Ian began badly and announced he didn't like the game. He surged back into contention and seemed briefly more enamoured. Then he fell away again. I stagnated too, but Adam made hay in the penultimate round, establishing a lead that was too strong for Martin to catch him:
Adam 20
Martin 16
Sam 14
Ian 12
Martin and Adam liked it. I was somewhere between their enthusiasm and Ian's chagrin. The main take-away for me was to have the song from Too Many Cooks going around in my head all night. Just after we finished, Joe vanquished Stanley in a nail-biting finish to Shards: with them both at death's door it was Joe's turn to attack and Stanley didn't draw the shield he needed.
Joe: wins
Stan: off to bed
Which left us as a five. Martin was keen to play Senators so after brief speculative mentions of Battle for Rokugan (one day...) and Northern Pacific, we embarked on our weekly bunfight for the senate.

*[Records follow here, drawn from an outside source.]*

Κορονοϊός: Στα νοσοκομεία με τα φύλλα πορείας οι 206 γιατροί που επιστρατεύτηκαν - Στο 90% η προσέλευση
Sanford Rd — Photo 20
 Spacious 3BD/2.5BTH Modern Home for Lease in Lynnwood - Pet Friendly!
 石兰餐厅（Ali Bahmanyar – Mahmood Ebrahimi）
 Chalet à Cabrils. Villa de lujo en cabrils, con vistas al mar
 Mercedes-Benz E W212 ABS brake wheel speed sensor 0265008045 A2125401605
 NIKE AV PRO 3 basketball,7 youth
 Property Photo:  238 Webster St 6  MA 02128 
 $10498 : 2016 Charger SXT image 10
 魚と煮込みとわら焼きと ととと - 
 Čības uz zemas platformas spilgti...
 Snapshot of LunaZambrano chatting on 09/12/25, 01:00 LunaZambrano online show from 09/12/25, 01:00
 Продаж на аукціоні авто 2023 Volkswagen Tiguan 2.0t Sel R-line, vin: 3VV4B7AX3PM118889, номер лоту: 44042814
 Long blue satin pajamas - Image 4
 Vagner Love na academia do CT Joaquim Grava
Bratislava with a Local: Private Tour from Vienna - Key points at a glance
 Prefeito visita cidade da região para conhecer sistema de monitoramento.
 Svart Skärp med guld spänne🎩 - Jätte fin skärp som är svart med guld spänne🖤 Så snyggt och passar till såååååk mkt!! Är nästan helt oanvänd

forgot to take any more pictures at this point, here's Senators being played at Martin's house
It was brutal. Adam in particular suffered from a dearth of money and fortune, as he constantly found himself penniless and senatorially bereft. Martin kept trying to extort money from me and being appalled when I sold things to him. Ian kept up a cash-supply with impressive consistency, especially in a game as barmy as Senators is. He at one point pulled off a spectacular 4-senator cash-in to take the lead, only to have Adam exact some minor pleasure from the game by immediately taking a senator off him.
Martin gambled on events that didn't arrive, and I paid nine sestertii for a Senator when everyone else bid zero. But despite that lavish spending, I pushed ahead of Ian and Joe to claim the seat of power:
Sam 12
Ian 11
Joe 10
Martin / Adam: 5
Adam, exhausted from
pic courtesy kalchio, BGG
In Tomatomato you pronounce increasingly long variations on the word tomato: get it wrong and your opponents get to - possibly - claim points; by spelling out the word 'tomato' obviously. Martin's speed at this game was so spectacular that neither Joe, Ian or I could keep up with him and had to trust his word that he wasn't just making random tomato-related noises up. Ian and I stumbled the most, but Joe and Martin tried to claim the same reward - cancelling it out - and I snuck the win:
Sam 3
Joe 2 (wins tie-breaker by owning a potato)
Martin / Ian 2
Then we split into teams to play Push It. Ian teamed up with Joe and I with Martin, as we sat diagonally across from each other. In the past we've played Team Push It pretty much to the same structure as solo Push It, but Martin spotted the team variant in the rules suggests that whichever team is furthest from the puck is currently active. This changed the dynamic of the game considerably, as it escalates the need to be close to the puck: remain furthest away, and you can swiftly run out of discs to fire at it, leaving your opponents with 2 or 3 free shots. Martin and I capitalised on the rule as we raced to a surprisingly one-sided victory:
Martin + Sam 21
Ian + Joe 2
Their only points came from me accidentally hitting the puck off the table. So astonished were we by this lopsided result that we played again. Joe was sure that going first was key to success, and his theory looked like it might hold water when he and Ian quickly established a 5-1 lead. But then it imploded as we raced past them again to another victory:
Martin + Sam 21
Ian + Joe 5
Despite their lack of success both Ian and Joe liked this team rule - we all did, as though it didn't make for the dramatic finales you often get when playing rigidly clockwise, it does enable some big results - and potentially big comebacks as well.
It was reasonably early for a Tuesday, but Ian especially had an early morning to look forward to and the evening came to a natural conclusion. Thanks all!
Sorry I couldn't make it, but in your honour I did play Castles of Burgundy on my phone against the highest AI at 9.30pm. I lost.